# Work instructions
Could you set down every entry exactly as it stands, without the images?

# Image-caption web data
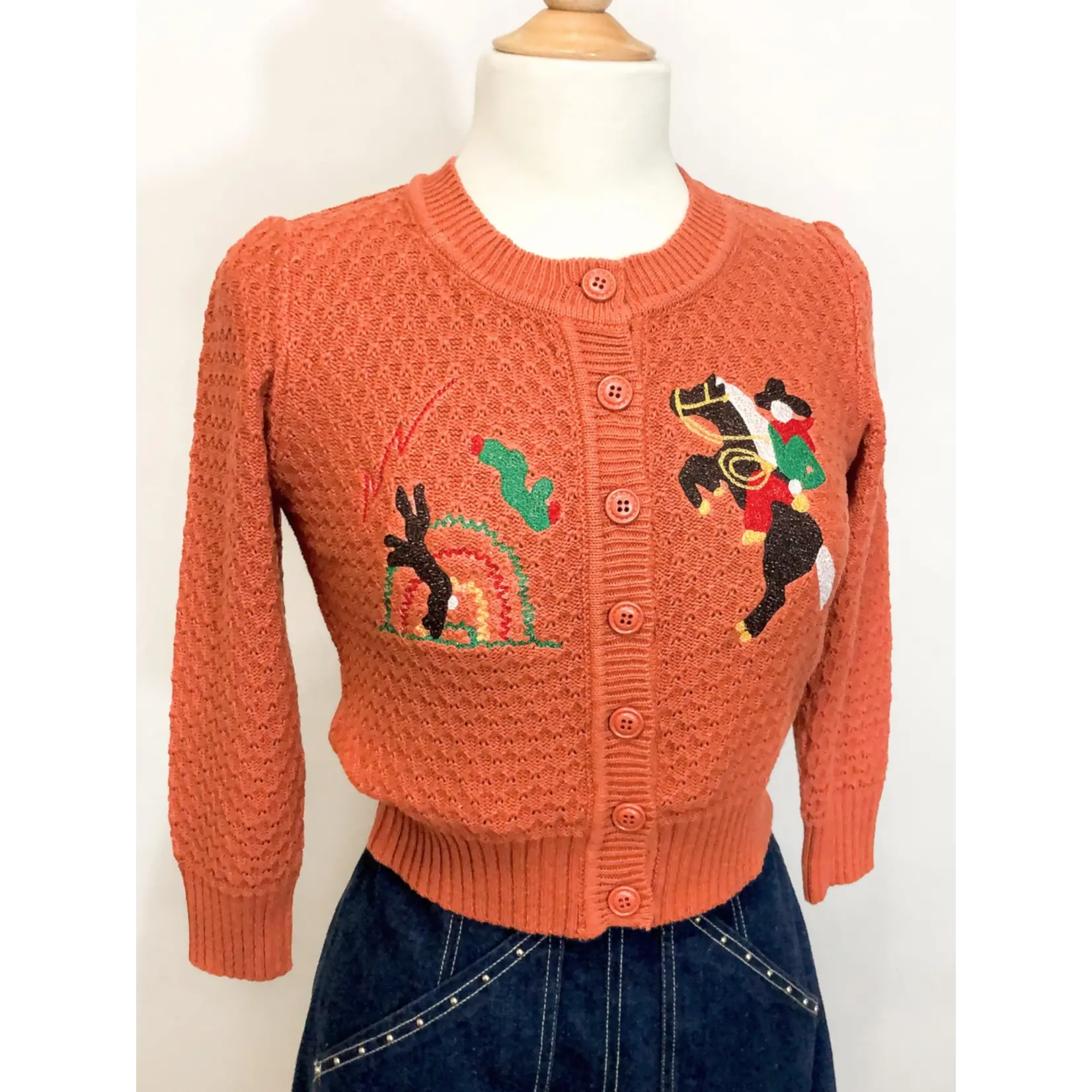Mischief Made Head West Cropped Cardigan-Dusty Orange
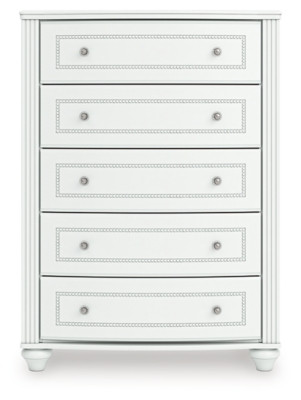Ashley Maylilly White Twin Upholstered Panel Bed, Dresser and Chest
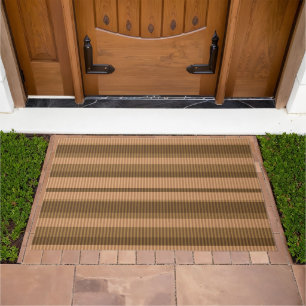 Brown beige shades striped vertical pattern Doormat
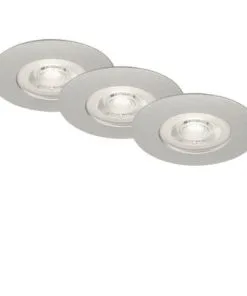 BRILONER LED Inbouwspot Set 7047 Ø 90 Mm Chroom Mat, 3 Stuks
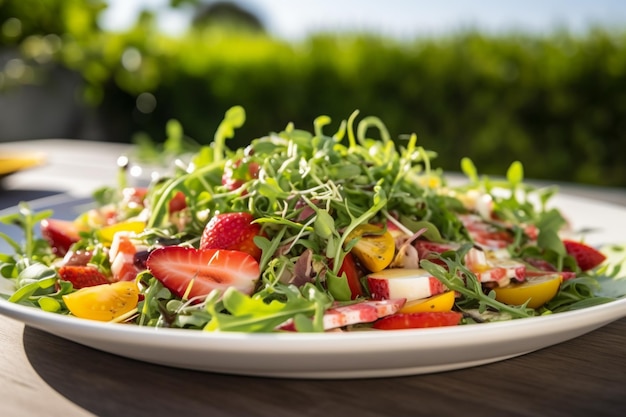 Es gibt einen Teller mit Salat, Erdbeeren und anderem Gemüse.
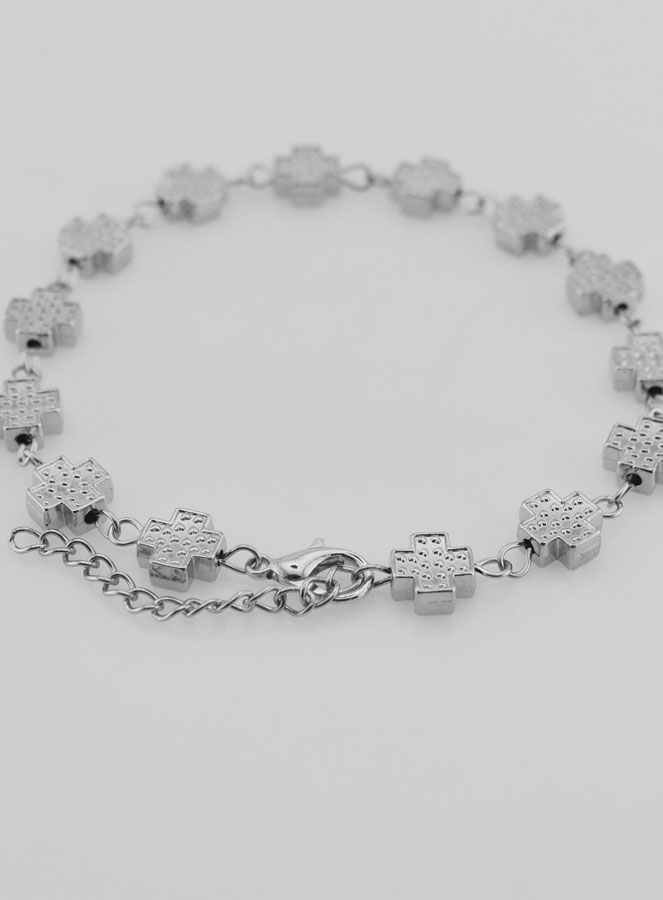 Bracciale Religioso Argentato on Croci Quadrate (pic 2)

# Exercise response
Mischief Made Head West Cropped Cardigan-Dusty Orange
Ashley Maylilly White Twin Upholstered Panel Bed, Dresser and Chest
 Brown beige shades striped vertical pattern Doormat
 BRILONER LED Inbouwspot Set 7047 Ø 90 Mm Chroom Mat, 3 Stuks
 Es gibt einen Teller mit Salat, Erdbeeren und anderem Gemüse.
 Bracciale Religioso Argentato on Croci Quadrate (pic 2)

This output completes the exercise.